━━ Data to process ━━

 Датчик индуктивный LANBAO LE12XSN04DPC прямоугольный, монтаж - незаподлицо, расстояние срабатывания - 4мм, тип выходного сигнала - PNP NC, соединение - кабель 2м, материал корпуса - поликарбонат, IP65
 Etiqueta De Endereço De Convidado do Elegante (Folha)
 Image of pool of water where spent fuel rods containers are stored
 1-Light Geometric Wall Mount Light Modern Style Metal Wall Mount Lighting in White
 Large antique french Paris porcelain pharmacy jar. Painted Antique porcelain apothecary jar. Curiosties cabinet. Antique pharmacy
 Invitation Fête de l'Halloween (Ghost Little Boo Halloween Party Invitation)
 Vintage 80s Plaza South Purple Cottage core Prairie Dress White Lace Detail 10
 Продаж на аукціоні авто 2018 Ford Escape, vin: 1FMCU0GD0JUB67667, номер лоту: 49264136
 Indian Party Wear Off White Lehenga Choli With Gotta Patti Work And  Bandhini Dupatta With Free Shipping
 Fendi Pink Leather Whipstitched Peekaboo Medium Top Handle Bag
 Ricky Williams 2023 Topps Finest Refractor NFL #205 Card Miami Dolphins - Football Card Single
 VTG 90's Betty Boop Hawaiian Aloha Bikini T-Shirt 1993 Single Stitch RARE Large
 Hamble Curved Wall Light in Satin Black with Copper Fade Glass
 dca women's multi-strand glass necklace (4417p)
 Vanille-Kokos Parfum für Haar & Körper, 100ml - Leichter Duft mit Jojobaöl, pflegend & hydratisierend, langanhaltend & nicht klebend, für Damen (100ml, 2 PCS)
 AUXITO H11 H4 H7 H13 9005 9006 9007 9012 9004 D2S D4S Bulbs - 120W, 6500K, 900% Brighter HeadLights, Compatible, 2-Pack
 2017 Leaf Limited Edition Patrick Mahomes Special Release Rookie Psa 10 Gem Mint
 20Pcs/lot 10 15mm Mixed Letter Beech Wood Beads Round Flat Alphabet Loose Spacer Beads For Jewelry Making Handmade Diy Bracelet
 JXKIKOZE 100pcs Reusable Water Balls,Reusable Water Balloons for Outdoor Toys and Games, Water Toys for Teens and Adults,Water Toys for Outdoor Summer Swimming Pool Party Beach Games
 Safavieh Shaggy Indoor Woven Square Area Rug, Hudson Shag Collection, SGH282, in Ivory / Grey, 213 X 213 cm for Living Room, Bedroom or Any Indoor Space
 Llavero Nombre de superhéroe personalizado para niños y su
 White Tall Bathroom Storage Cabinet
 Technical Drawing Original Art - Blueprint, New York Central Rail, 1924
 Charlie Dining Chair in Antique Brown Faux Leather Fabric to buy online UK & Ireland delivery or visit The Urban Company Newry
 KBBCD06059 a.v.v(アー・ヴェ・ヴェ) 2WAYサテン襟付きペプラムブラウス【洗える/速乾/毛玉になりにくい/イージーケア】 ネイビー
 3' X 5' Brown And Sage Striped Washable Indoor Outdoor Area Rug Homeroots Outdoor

━━━

Starting at the first line of the records above, please copy each line exactly until you reach the line containing "Etiqueta De Endereço". Include that line and stop there.

### Task result
 Датчик индуктивный LANBAO LE12XSN04DPC прямоугольный, монтаж - незаподлицо, расстояние срабатывания - 4мм, тип выходного сигнала - PNP NC, соединение - кабель 2м, материал корпуса - поликарбонат, IP65
 Etiqueta De Endereço De Convidado do Elegante (Folha)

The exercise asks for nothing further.